What i did was to sonicate 200ul of samples (containing 2million cells). After 5rounds of 30s on/30s off (biorupter), i'll aliquot 20ul out. The remaining samples i'll continue to sonicate, and another 5 rounds later i aliquot 20ul again as the 10rd sample and so on. I repeat this until finally i have 100ul left which will be sonicated for another 5 rounds to make a total of 30 rounds.

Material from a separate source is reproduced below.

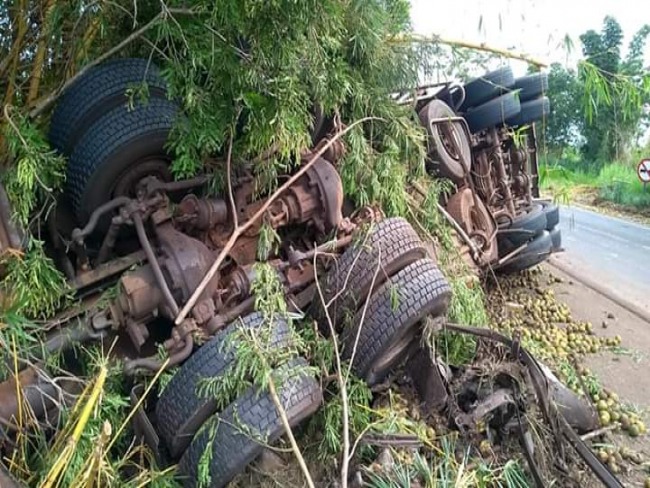 Motorista morre aps caminho bitrem cair e tombar numa ribanceira em Iacanga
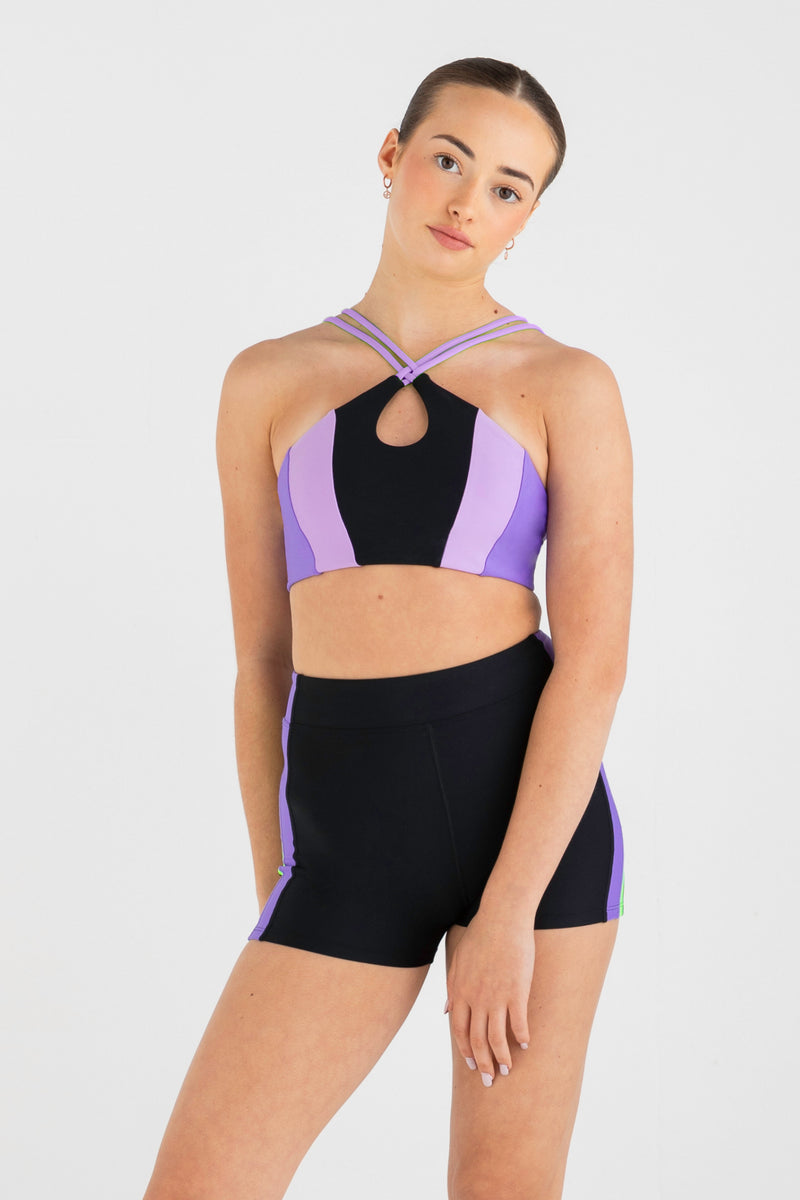 Angel Energy Crop Top in Black - Front View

After that i added RNase A and reverse the cross links, purify the pcr product using purification kit, and load the sample onto gel. The protocol i used was adapted from the abcam protcol, and apparently has been successful with my colleague on another cell type. I've quoted the protcol here,
"The DNA is purified using a PCR purification kit (add 70 μl of Elution Buffer and proceed to Step 3.2a)
3.2.a. Add 2 μl RNase A (0.5 mg/ml). Heat with shaking at 65°C for 4-5 hr (or overnight) to reverse the cross-links. DNA is purified using a PCR purification kit according to the manufacturer’s instructions. The samples can be frozen and stored at -20°C.

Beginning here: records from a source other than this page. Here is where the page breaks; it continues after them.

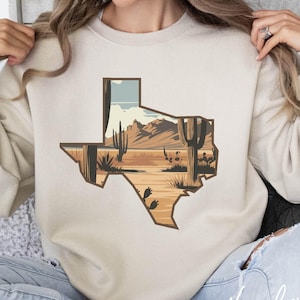 Maglione Texas Deserto in Texas Felpa Texas State Map Maglietta Texas USA Montagne e Piante di Cactus Maglione Regalo per i Texani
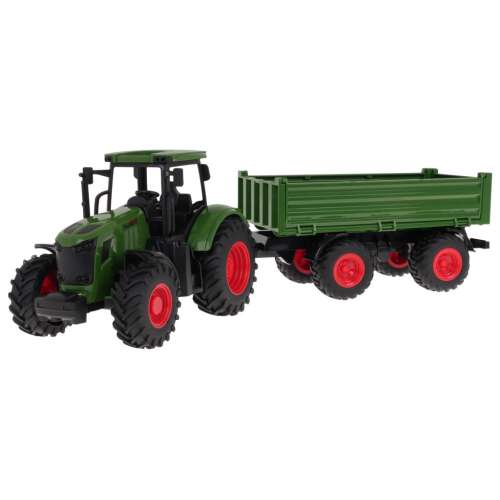 Zöld traktor pótkocsival 1:24 méretarányban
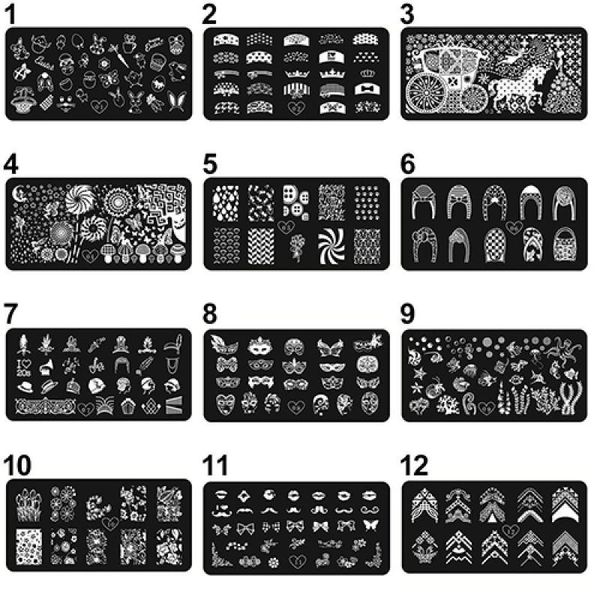Kit per nail art Stampa di immagini Timbro polacco Raschietto per piastre Stamper per manicure Modello fai-da-teNail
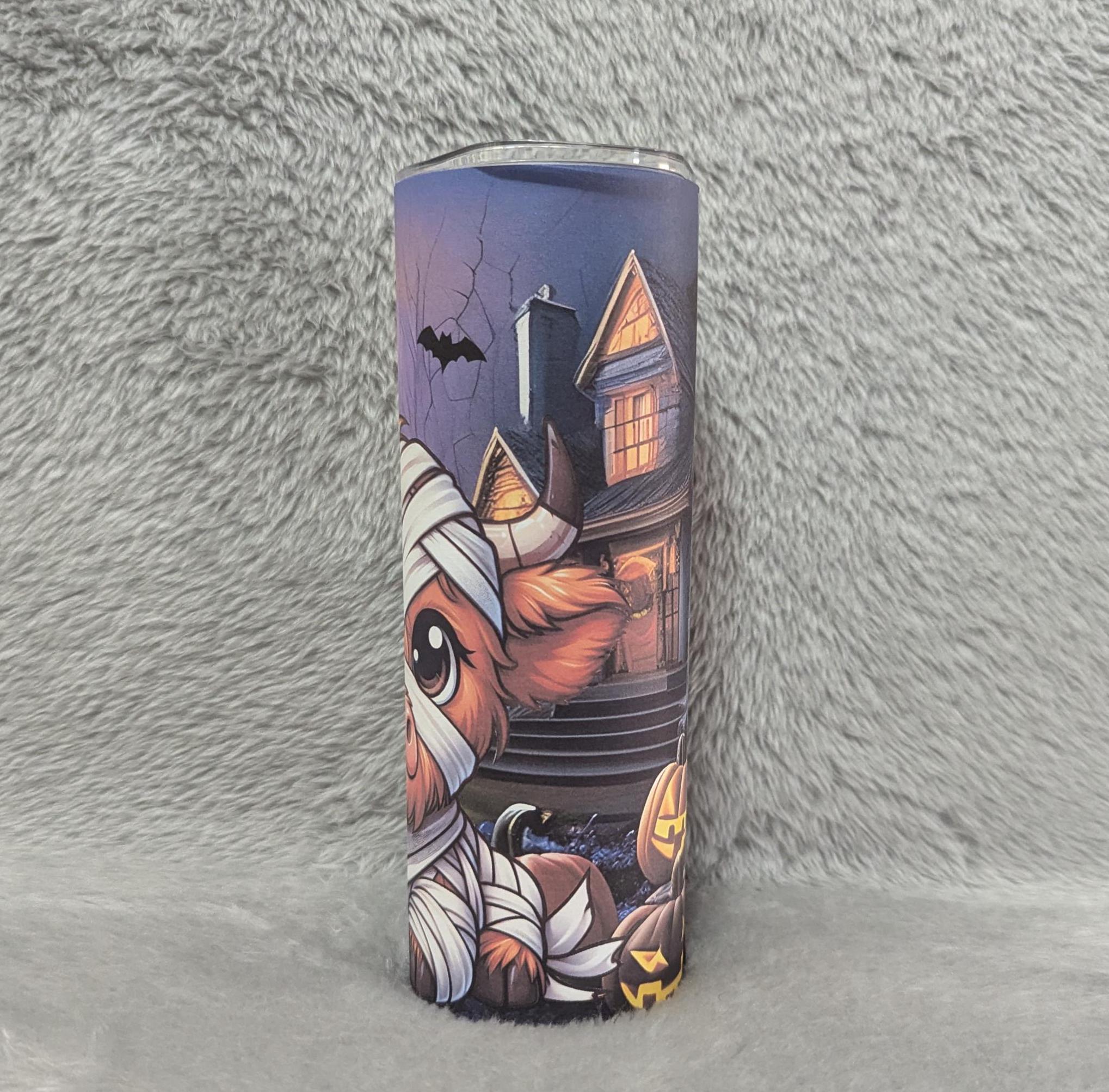 Halloween Highland Cow 20oz Tumbler Can be Personalized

Samples are treated with RNase A as high levels of RNA will interfere with DNA purification when using the PCR purification kit. Yields can be severely reduced as the columns become saturated."

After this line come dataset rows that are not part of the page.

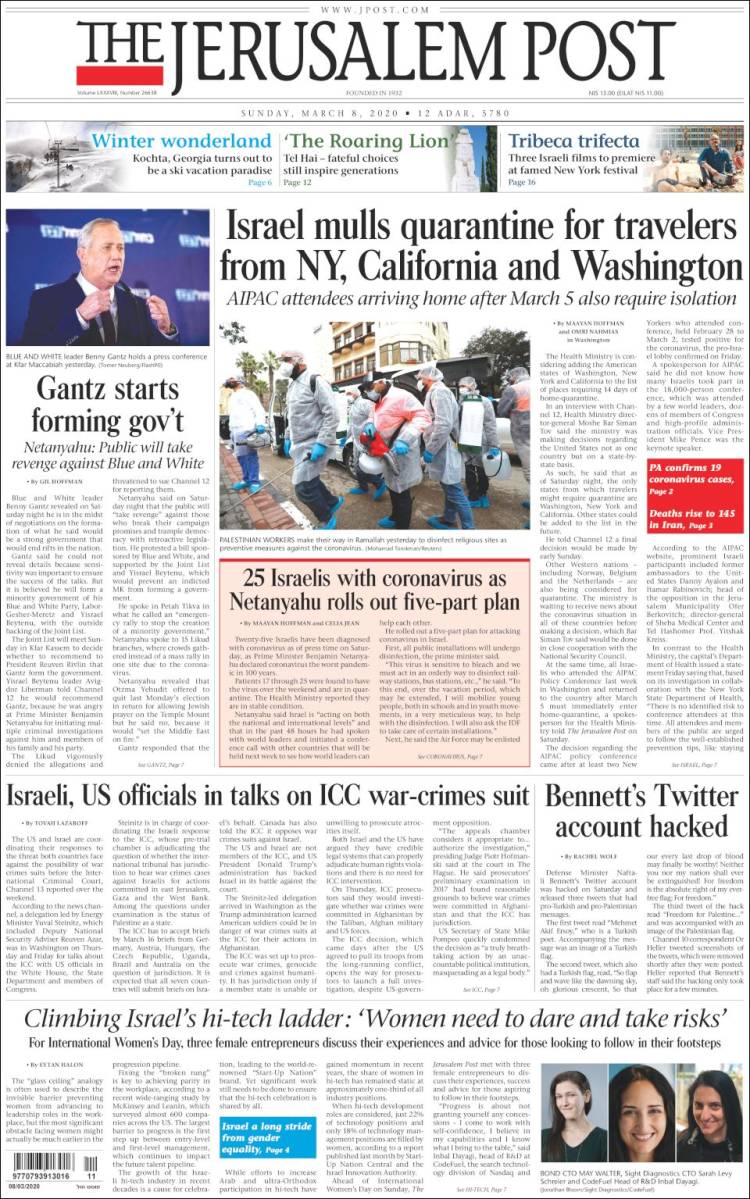 Portada de The Jerusalem Post (Israel)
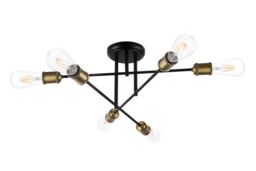 GoodHome Round Matt Metal Black Antique Brass Effect 6 Lamp Ceiling Light - thumbnail 3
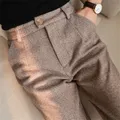 Pantalon sarouel à chevrons pour femme pantalon crayon en laine taille haute bureau décontracté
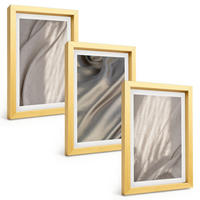 BILDER SET 3er Set - 20x30 cm Goldrahmen - Nahaufnahme von natürlichen Boho-Stoffen - Goldfarben, Kunststoff (20/30cm) - TULUP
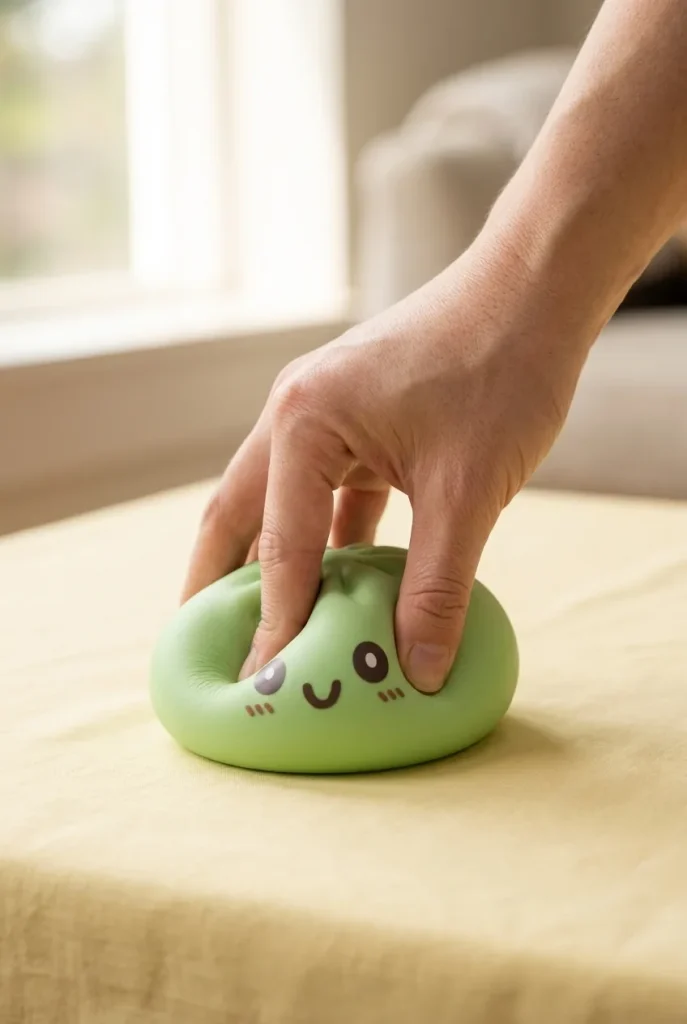 Giant Green Dumpling Squishy mid-squish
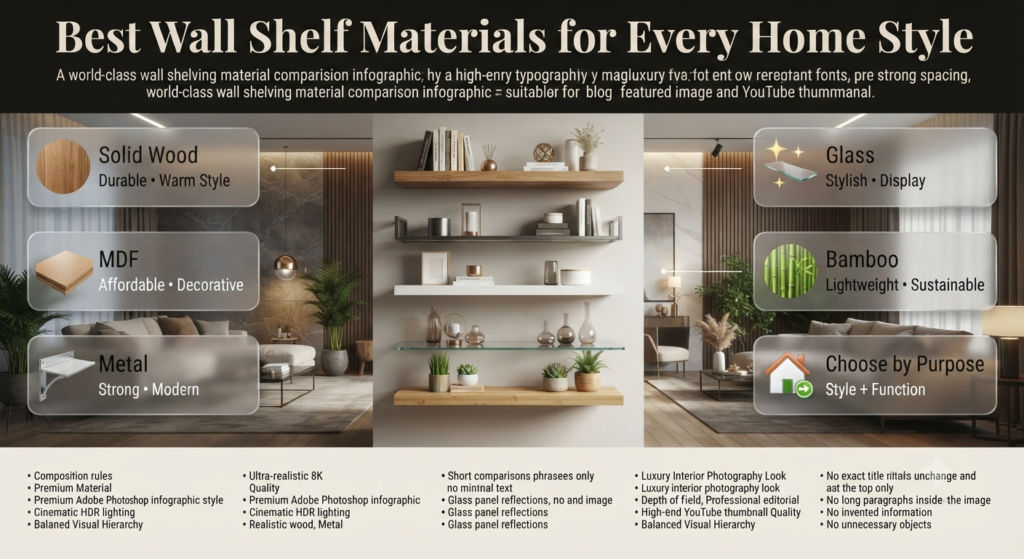 Compare wall shelf materials including solid wood, MDF, metal, glass, and bamboo for durability, style, storage, and home design needs.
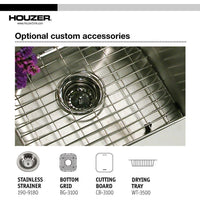 Thumbnail for Houzer Legend Series Topmount Stainless Steel 4-hole Corner Bowl Kitchen Sink Kitchen Sink - Top Mount Houzer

And just to clarify, the 30rds sample were eluted in the same amount even though there were 100ul of sample. So since i loaded equal volume for all, there were more 30rds samples and hence it looks much brighter. But still i can't explain why it looks like there is a band in the 200bp region.
And also, why don't i see the change in smear size as the no. of rounds of sonication increase?
Edited by krystle, 16 February 2011 - 12:52 AM.